El primer juego, escrito desde Nairobi comenzaba con una carta que Jackson envió a Jonah, informándole que tenía la certeza de que varios miembros blancos de la Expedición Carlyle habrían sobrevivido de la catástrofe. Los motivos que les llevaron a desaparecer de la sociedad eran un misterio, que Elias pretendía resolver. Había múltiples referencias a tribus, sectas y rituales sectarios de la zona, y a la incompetencia de los funcionarios de Nairobo. No descubrió nada importante, pero descartaba vehemente la versión oficial de la masacre Carlyle.

El segundo juego de notas describía el viaje que hizo Jackson Elias hasta el lugar de la masacre, una zona árida y yerma que, según las tribus de la región, estaba maldita por el Dios del Viento Negro, que gobernaba en la cima de su montaña.

El tercero era la transcripción de una entrevista que tuvo Elias con un tal Johnseton Kenyatta, que afirmaba que la masacre Carlyle fue obra de la Secta de la Lengua Sangrienta. Aunque elias se muestra educadamente escéptico durante la entrevista, Kenyatta es insistente. Habla del odio y terror que sienten las tribus cercanas a la secta, de su incapacidad de defenderse con la magia tribal a su sangriento culto, dirigido por una suma sacerdotisa que gobierna desde la Montaña del Viento Negro. Finaliza aclarando que no es un culto de origen africano, detalle que Jackson acusa, al infantil patriotismo que exhibe Kenyatta.

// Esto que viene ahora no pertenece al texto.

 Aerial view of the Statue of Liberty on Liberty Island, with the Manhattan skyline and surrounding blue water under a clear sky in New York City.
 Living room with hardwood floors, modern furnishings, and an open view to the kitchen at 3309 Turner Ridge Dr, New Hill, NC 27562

El cuarto grupo de notas profundiza en la entrevista de Kenyatta. Varias fuentes le informan de la existencia de la Secta de la Lengua Sangrienta, cuyos relatos mencionan sacrificios humanos, robo de niños y criaturas aladas que desciende de la citada montaña. Un apunte señala: Sam Mariga. Est. Tren.

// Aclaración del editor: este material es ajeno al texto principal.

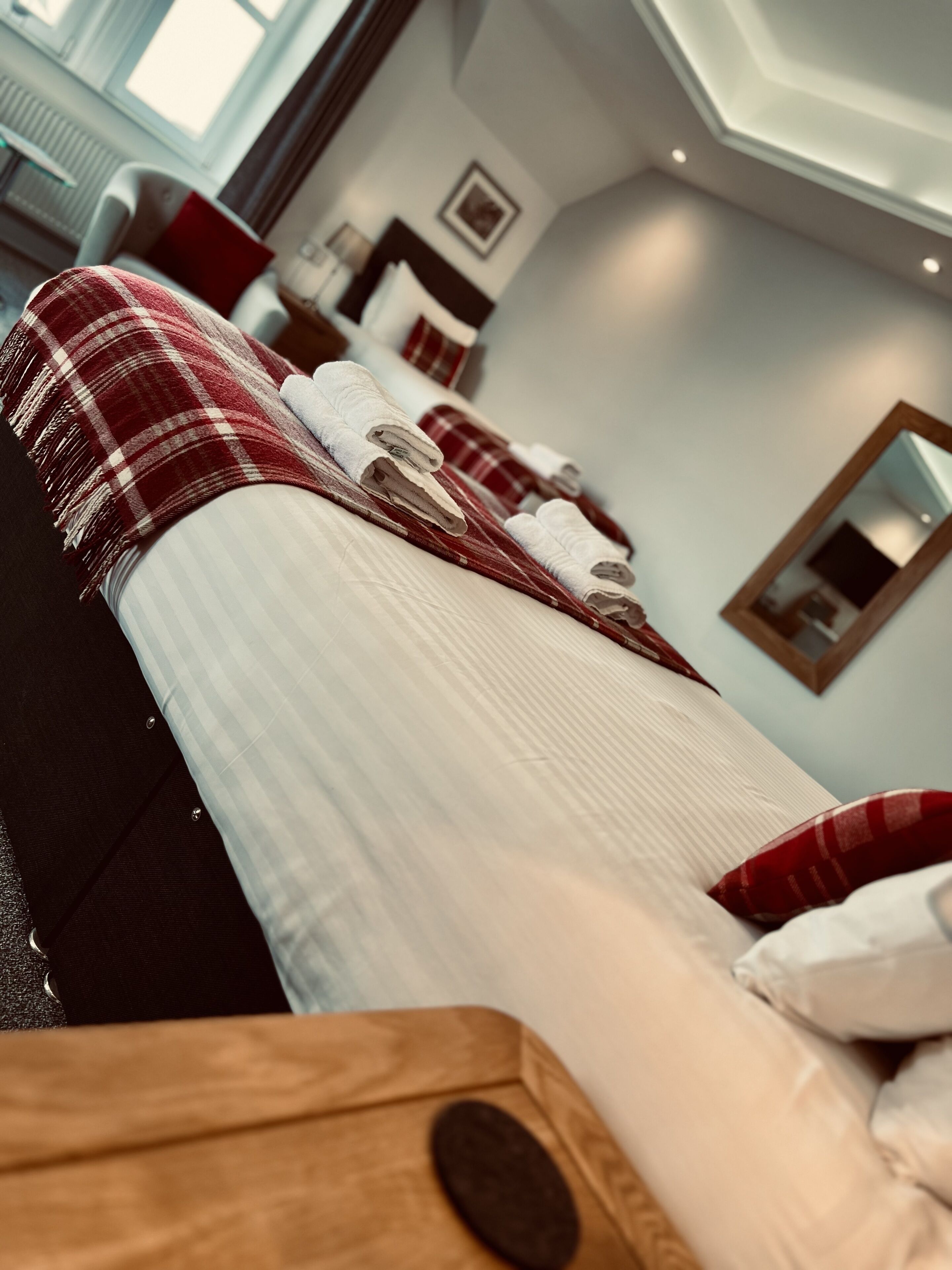 A hotel room with a bed, a wooden headboard, and a red and white checkered blanket.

El quinto es una sola hoja en la que Jackson examina el itinerario cariota de la Expedición Carlyle. Elias creía que la razón que les impulsó a desviarse a Kenia se encontraba en el Nilo.

El sexto es otra entrevista, en este caso al teniente Mark Selkirk, que estuvo al mando del grupo de rescate que encontró los cadáveres de la expedición. Menciona que los cuerpos estaban extraordinariamente bien conservados “como si la mismísima putrefacción no se atreviera a acercarse a ese lugar” Nadie fue capaz de identificar al animal que despedazó a los porteadores. “Era algo inimaginable” Selkirk opina que los Nandi son un pueblo odioso, que seguro que tuvo algo que ver, pero sospecha que el juicio fue un montaje para que los cargos electos pudieran salir al paso. Jackson confirma su sospecha: “Entre los cadáveres no había ningún europeo.”

El séptimo es otra hoja suelta. Jackson Elias tropezó con un tal “Nails” Nelson, en el bar Victoria  de Nairobi. Nelson era un mercenario que trabajaba actualmente para los italianos en la frontera de Somalia. Nelson conoció a Brady durante su servicio en la Legión Extranjera, y afirmaba haberlo visto con vida en Marzo de 1923, en Hong Kong. Brady se mostró amable “¡Ya que se pagó unas copas!”, pero poco charlatán.

Es tras este indicio cuando Jackson se convence que otros miembros de la Expedición puedan estar vivos.

El último juego de notas, el octavo, discute con Jonah una posible estructura para el libro y le informa que partirá en breve a Hong Kong, tras la pista de Jack Brady.

—Brady está vivo —concluyó Greg.

—Y Carlyle también, estoy segura —intervino Annie con arrojo, mientras rebuscaba entre los libros que cargaba en su bandolera.

—No hay ninguna nota del viaje a Hong Kong —murmuró Colin pensativo.

—En la habitación del Hotel Chelsea encontramos una foto que Thomas dijo que era de Shangai… y esa cajetilla de cerillas del tigre borracho también era de allí, pero no notas como estas —informó Nelly.

—¿Queréis más datos? —preguntó Annie con una pícara sonrisa. Y les mostró una página de un libro que había sacado de la biblioteca. En ella, dibujado con trazos gruesos estaba el mismo dibujo que los asesinos de Jackson le habían escarificado en la frente—. Con todos ustedes, el pictograma del Dios de la Lengua Sangrienta… también llamado El Dios Del Viento Negro.

Angus tomó el libro que tenía Annie y leyó el escueto apunte sobre esa deidad venida del norte de África que adoraban algunas tribus en Kenia.

—Bueno, la cuestión está clara —comenzó Angus—. Tenemos que encontrar al tipo del abrigo negro que huyó del hotel Chelsea y… darle recuerdos de parte de Jackson Elias.